Monday, November 09, 2009

TWENTY YEARS AFTER THE FALL OF THE BERLIN WALL:

Francis Fukuyama's “the end of history” is so deliciously counter-intuitive, it deserves some sort of award for advertising and copy-writing for whoever came up with it, whether Fukuyama himself or his editor, book designer or marketer.

If it means "the disappearance of any enduring, existential threat to liberal democracy and free-market capitalism" (since I have not read the book) it sounds like it is at the other end of the spectrum from Mao's response to Kissinger when the latter asked what he thought of the French Revolution: "It is too early to tell."

While I am not enough of a seer, or lack the intellectual strength, or hubris as you will, to play academic "what-if" parlor games, one thought did strike me when I was visiting China in 2003 at the height of Dubya-Rove rule in the US. And that is that China had the model for Rove's then dream for a permanent Republican Party majority for all eternity, was it?
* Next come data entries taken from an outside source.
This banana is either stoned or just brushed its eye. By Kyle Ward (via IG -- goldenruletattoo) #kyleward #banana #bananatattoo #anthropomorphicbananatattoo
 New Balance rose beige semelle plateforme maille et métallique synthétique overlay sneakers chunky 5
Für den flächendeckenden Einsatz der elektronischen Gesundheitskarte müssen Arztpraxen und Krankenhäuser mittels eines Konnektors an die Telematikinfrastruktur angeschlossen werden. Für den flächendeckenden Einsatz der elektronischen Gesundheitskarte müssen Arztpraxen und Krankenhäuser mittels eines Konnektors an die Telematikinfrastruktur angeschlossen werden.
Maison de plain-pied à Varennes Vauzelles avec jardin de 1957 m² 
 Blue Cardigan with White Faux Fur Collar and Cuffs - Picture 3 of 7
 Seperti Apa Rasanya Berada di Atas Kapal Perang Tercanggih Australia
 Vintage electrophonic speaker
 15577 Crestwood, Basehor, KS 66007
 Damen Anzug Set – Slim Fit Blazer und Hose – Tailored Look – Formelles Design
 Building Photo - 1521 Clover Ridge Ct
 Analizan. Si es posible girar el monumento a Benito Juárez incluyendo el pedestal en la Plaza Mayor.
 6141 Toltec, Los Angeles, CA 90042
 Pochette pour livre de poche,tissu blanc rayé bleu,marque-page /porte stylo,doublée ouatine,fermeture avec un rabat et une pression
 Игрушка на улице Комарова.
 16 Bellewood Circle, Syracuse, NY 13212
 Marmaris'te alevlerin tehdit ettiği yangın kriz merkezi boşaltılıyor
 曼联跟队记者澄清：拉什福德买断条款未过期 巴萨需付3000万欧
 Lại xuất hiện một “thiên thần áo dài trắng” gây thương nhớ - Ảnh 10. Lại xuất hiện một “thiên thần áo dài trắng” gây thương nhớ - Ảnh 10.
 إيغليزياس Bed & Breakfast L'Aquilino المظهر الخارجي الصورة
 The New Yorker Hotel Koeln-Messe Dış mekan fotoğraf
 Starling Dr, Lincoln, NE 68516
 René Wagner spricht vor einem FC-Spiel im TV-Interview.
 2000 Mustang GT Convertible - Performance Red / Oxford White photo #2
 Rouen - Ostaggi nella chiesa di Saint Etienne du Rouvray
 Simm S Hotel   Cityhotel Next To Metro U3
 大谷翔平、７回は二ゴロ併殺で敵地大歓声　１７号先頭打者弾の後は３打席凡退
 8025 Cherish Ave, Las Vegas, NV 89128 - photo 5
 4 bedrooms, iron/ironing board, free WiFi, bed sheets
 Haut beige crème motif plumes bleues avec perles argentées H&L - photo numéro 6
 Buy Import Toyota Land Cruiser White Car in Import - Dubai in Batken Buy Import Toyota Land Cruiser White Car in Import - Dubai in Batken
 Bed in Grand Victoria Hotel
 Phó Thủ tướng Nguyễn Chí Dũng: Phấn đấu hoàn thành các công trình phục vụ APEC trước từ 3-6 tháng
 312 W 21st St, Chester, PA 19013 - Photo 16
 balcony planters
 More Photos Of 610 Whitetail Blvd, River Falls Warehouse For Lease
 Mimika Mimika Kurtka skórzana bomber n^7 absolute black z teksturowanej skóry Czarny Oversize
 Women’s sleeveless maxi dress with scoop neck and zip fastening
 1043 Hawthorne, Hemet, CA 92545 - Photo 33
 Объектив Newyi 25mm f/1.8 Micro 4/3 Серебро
The Chinese model is One Political Party and Unbridled Capitalist Economy with Kickbacks to Said Political Party. I don't know if it falls within the Fukuyaman human-society-in-amber-for-all-perpetuity model but it was working well, and there was little of Liberal Democracy that I noticed there. And the party was "Communist". Ah, irony.

It brings to mind Ralph Nader explaining to his father he was working to establish a Third Party, and the old codger shot back that he would be happy to see a Second. Ah, Dads.